After two weeks of flat trading, energy prices tried to jump upward this week but made minimal progress. For this seven-day report period, the average 12-month price for natural gas on the New York Mercantile Exchange (NYMEX) rose less than 1% closing at $0.396/therm. On the power side, the 12-month average price for peak power on the PJM rose 1%.
We have now experienced three weeks of relatively flat pricing. However, energy prices tried to run up at the end of this week after NOAA predicted hotter-than-normal temperatures for the last week of August. Additionally, NOAA announced the formation of two tropical disturbances in the Atlantic which created some market volatility.
There are many variables that impact the direction of energy prices including weather, production numbers, inventory levels, pipeline constraints, the economy, and overseas tensions just to name a few. For now, all eyes are on the weather and inventory.
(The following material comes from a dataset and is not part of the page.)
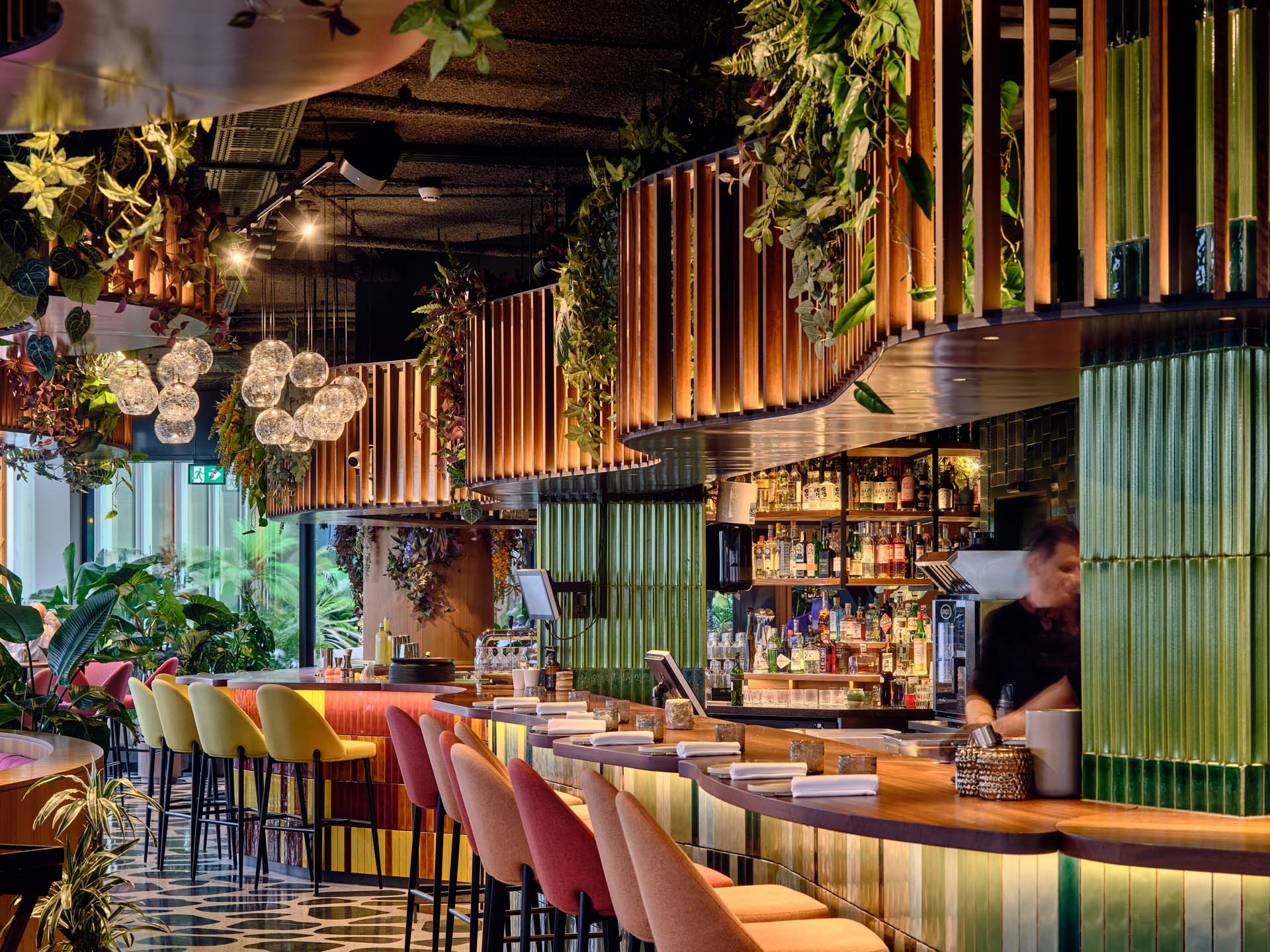 Restaurant Selva, op de 24e verdieping van het nhow Amsterdam RAI hotel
Thanks to the mild temperatures we are enjoying this summer, the record high natural gas supplies coming out of the shale formations are getting diverted from the power plants to the storage fields. As a result, this week we enjoyed the 18th consecutive injection above the five-year average. The storage deficit is quickly disappearing. Storages are now only 17% below the five-year average. We were 55% below the five-year average on April 3, 2014.
This mild weather has been good for prices. During the period of June 12, 2014 - July 31, 2014, natural gas prices decreased 17% and power prices decreased 13.4%.
But do not be lulled to sleep. The weather can get ugly fast and place heavy upward pressure on energy prices. For example, this past winter when polar vortex arrived both natural gas and electricity prices rose more than 20% from Nov. 1, 2013 to March 31, 2014. This may be good time to look at an early renewal strategy as energy prices are trading at an attractive level relative to the last nine years.